Наш человек. В те времена она еще сильно пила, проклинала фростов и лоуэллов. Два года назад баллотировалась на пост президента США от ЛГБТ-сообщества, но не победила.

— В первую очередь, как президент, я создала бы в Америке министерство культуры, — говорила она.

— Зачем? — недоумевали мы.

Аркадий в те дни уверял, что я должен организовать санаторий для престарелых русских поэтов. Где-нибудь на Лонг-Айленде. Он неправильно оценивал мой бюджет и умственные способности.

— Как ты себе это представляешь? — спрашивал я.

— Так и представляю. Денег у тебя полно. Ты покупаешь дом на берегу Атлантики. Называешь его «Дом творчества Вадима Месяца». И я с семьей переезжаю туда жить.

— Тебя потом оттуда не вытуришь.

— А зачем меня вытуривать?

— Чтобы освободить место для Вани Жданова или Лены Шварц [66].

— Что ты говоришь, Дыма? Ваня и Лена — вчерашний день поэзии. Зачем им дом на море?

— Аркаш, а ты вообще русский поэт? Ты же косишь под американа. Пусть тебе Бернстин с Хеджинян терем покупают.

— У них нет денег, Дыма.

— У меня тоже нет на это денег.

— Ты все-таки подумай. Хорошая идея. У меня есть ученики. Саша Скидан [67]. Ему можно дать одну комнату.

— Аркадий недавно написал стихотворение, — включилась в разговор Зина. — Хорошее, оригинальное. И представляешь, что случилось? Скидан на следующий день написал такое же.

Аркадий Трофимович недобро посмотрел на нее. Снял очки, вытер стекла и свои проплешины бумажным полотенцем. Если он нервничал, всегда снимал очки.

— Такие стихи, Зин, скоро будет компьютер писать, — пошутил я. — Не расстраивайся.

Драгомощенко продолжал гнуть свою линию.

— Будем жить вместе на Лонг-Айленде. Пить вино, разговаривать о поэзии.

— Я не люблю поэзии, Аркадий. А поэтов не люблю еще больше.

— Зачем же этим занимаешься?

— Отмываю деньги, — вспомнил я его высказывание. — Я — казначей мафии. Надо чем-то руки занять.

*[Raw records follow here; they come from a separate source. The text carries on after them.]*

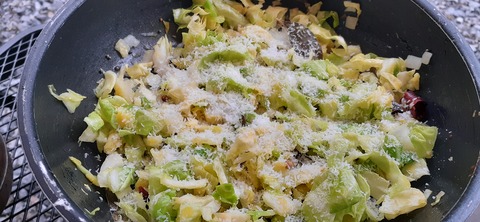 201-185(43-42)カワラテラス320_162246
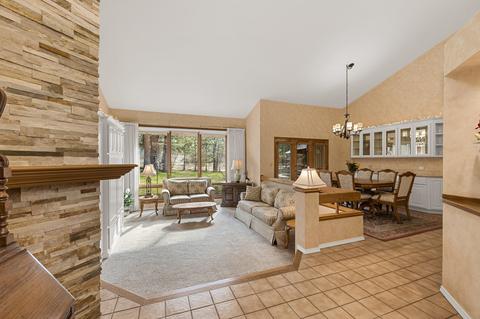 60649 Thunderbird Ct, Bend, OR 97702 photo 16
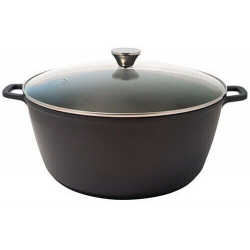 Mijoteuse haute 36cm 13,5L
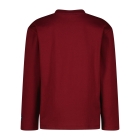 Vingino shirts Cabernet AW26KB300224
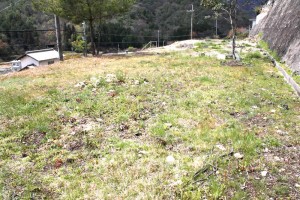 姫路市香寺町須加院3 姫路市香寺町須加院3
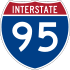 I-95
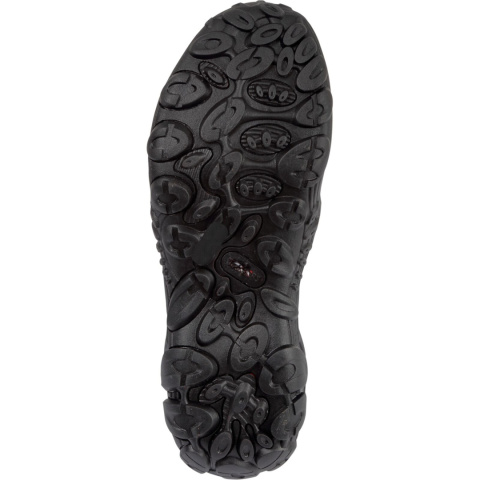 buty robocze bez podnoska L30607 Lahti Pro - sandały khaki-czarne buty robocze bez podnoska L30607 Lahti Pro - sandały khaki-czarne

Вот и сочиняю всякую фигню, приглашаю поэтов в Америку.

— Не думал, что ты такой злопамятный, — сказал Аркадий и подлил мне вина. — «Дом творчества Вадима Месяца». Звучит! Соглашайся!

За день до выступления мы с Аркашей зачем-то надрались. Забурились в пивную в Хобокене и за пивом с текилой перемыли кости всей американской поэзии. В случае Аркадия говорить о русской словесности было бессмысленно. Он умел ввести меня в состояние, когда и я забывал о ней напрочь. Мир теперь вращался вокруг Джона Эшбери и Майкла Палмера, англосаксонских сухарей, играющих на разрыв экспозиции. Я говорил, что «многобукав» — это дурной тон, неуважение к читателю, и что любая поэтическая мысль может быть выражена коротко и ясно.

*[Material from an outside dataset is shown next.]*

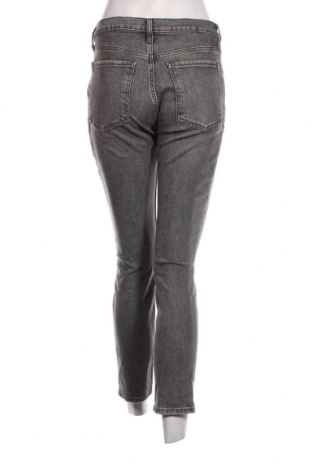 Damen Jeans Mango, Größe S, Farbe Grau, Preis 46,65 €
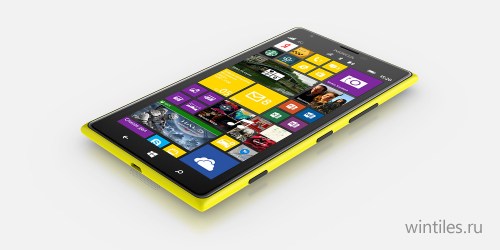  Lumia, ClearBlack, PureView      Microsoft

— Теряется музыка, — возражал Аркадий.

— Там не музыка, а сплошной Шнитке, — говорил я. — Тебе мало Шнитке в окружающей жизни? Нужно быть извращенцем, чтобы тащиться от Шнитке.

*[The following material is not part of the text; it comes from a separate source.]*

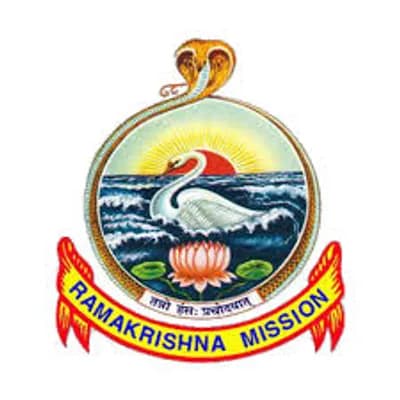 Ramakrishna Mission Seva Pratishthan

В конце концов мы поругались из-за будущей антологии. Драгомощенко настаивал, что он — автор этой идеи. Я говорил, что издавать книжки придумал Гутенберг.

— Аркаша, я могу получить грант и издать эту антологию самостоятельно. Мне не нужны твои авторы. В Америке поэтов пруд пруди.

— А ты дерево сажал? А ты его поливал? — возмущался Трофимович, считая себя единственным знатоком литературной американщины.

— Что за монополизм? — удивлялся я. — Уступи дорогу новому поколению.

Аркадий был из тех, кто своего не упустит. Мы с Фостером добродушно посмеивались над его хитростями. Помню, после получения Бродским Нобелевской премии он выступил по «Голосу Америки» и сказал, что в русской словесности только два человека свободны от бесовской советской поэтики. Бродский и Драгомощенко. В силу неизвестных мне причин тема не получила продолжения. Как-то возвращались с Эдом из Питера. Перед отъездом Аркадий принес Фостеру две связки книг — с просьбой отвезти в Штаты. Я удивился.

— Я собираюсь к вам — читать лекции. Люблю летать налегке.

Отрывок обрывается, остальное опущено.